First, don’t ever put water in your wine (and please don’t tell me the offender above didn’t put water into the wine, only ice). Ice is frozen water and you don’t need to be Einstein to realize that. Water in any form, not only dilutes the wine, but it also changes the PH. Wine is acidic – water is not. Acid in wine is one of wine’s predominant flavor components. Putting water of any type into wine seriously messes with its flavor. Second, just because a wine is white, does not mean it’s meant to be served at fridge temperature. In fact, there are more white wines that should be served above fridge temperature than at fridge temperature. Troglodytes that insist on chilling every wine to a temperature only a penguin in a blizzard could enjoy should be barred from ever drinking wine again.
Ok… that was only a minor rant so back to our regularly scheduled wine post.

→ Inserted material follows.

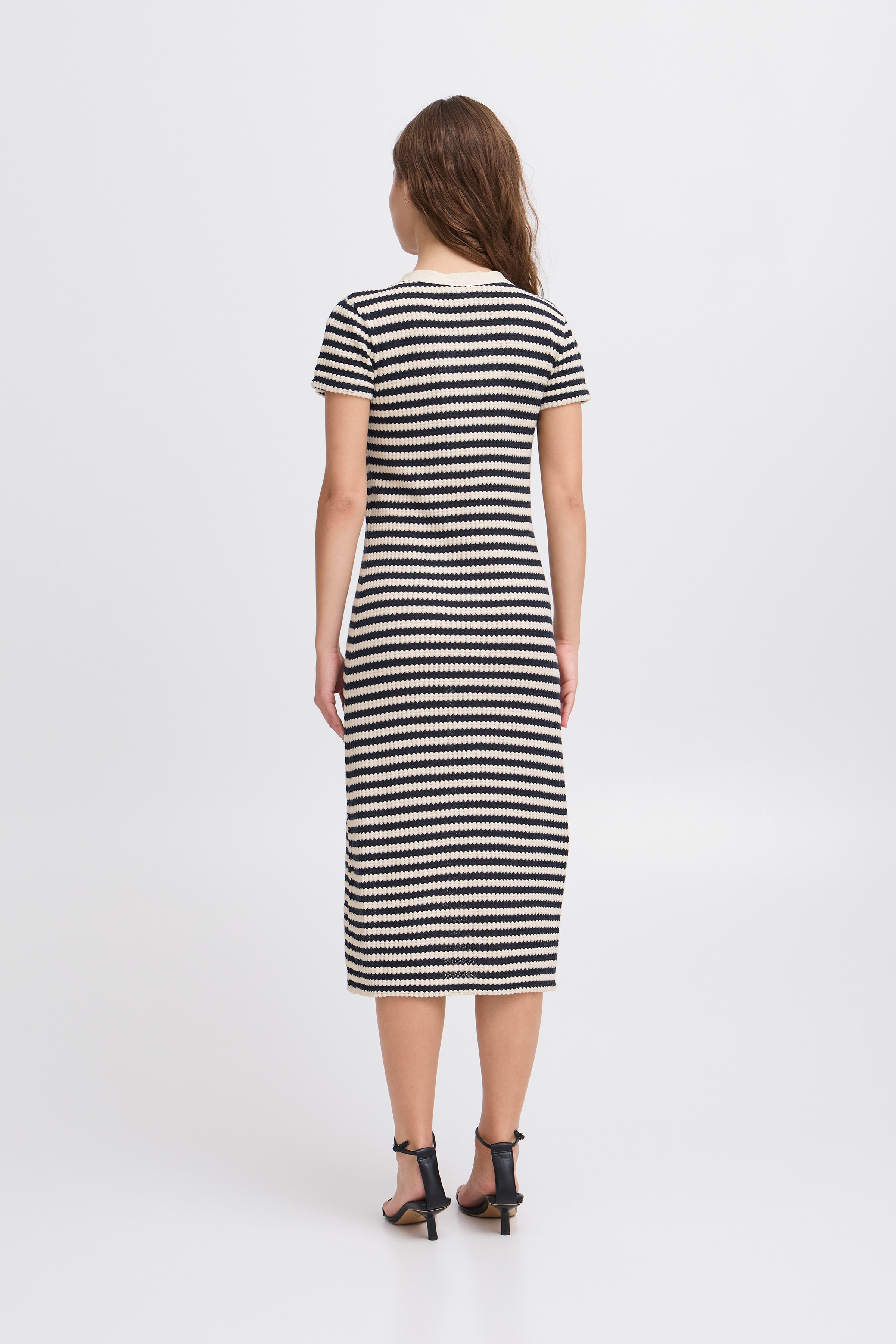 IHLORIANNA Kjole LOOKBOOK BACK 20123011-204487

White wines, except those made to be served very cold, should be removed from the fridge prior to serving. Wines designed to be served at cellar temperature like most reds and several fuller bodied whites can be brought to the correct serving temperature by placing them in the freezer for a short amount of time. Your refrigerator and freezer are tools so don’t be afraid to use them. The infographs below provides general guidelines to get your wine to the correct serving temperature. All freezers vary in temperature and most have cold spots, so customizing the table to fit yours will likely be necessary. In particular, avoid putting a bottle of wine directly under the cold air vent, which will chill the wine down too quickly which seriously screws with your ability to judge how long to keep it in the freezer. Whether you are starting with a room temperature wine or a wine from the refrigerator, the infographs below will help you estimate the time needed to get it to the perfect wine serving temperature.
There are also several devices that are designed to coax your wine to the correct temperature. One that we tired, the wine waterfall worked to a degree but had a few drawbacks. Feel free to read a review of it here.
Once you have a wine to the right serving temperature, keeping it there is also important. Unless you are going to pour the entire bottle at once, use a chilled stone (or ceramic) holder to help keep the wine at the correct serving temperature for a longer period of time.
What’s the best way to chill it? Just keep it in the freezer for when you want it. The wine holder is a large thermal mass, surrounding the wine with cooler temperatures than the ambient room temperature. It will help slow the warming process much as a foam cooler does for a bottle of beer (man can’t live on wine alone). It also helps to drape a damp dishtowel over the bottle and the stone holder to further slow the warming process.
Can any white wines be served at refrigerator temperature?
Yes, crisp white wines like Pinot Grigio and Riesling should be served at refrigerator temperature. Most sparkling wines are also served at or very near fridge temperature. The ideal temperature should be in the low 40s F.
At what temperature should lighter red wines be served?
The reverse applies to red wines. They’re almost always served at room temperature but that’s not correct. Lighter red wines like Pinot Noir should be served at or near cellar temperature, usually about 58 – 60 degrees F.
At what temperature should heavier red wines be served?
Merlot, Zinfandel, Cabernet Sauvignon and Syrah should be served around 62 degrees F.
If you are going to spend money on buying good wines, you really should maximize your investment by following these simple steps to show your wine at it’s best. If you are just going to serve it right out of the fridge or at room temperature, your aren’t going to get the full value of your investment.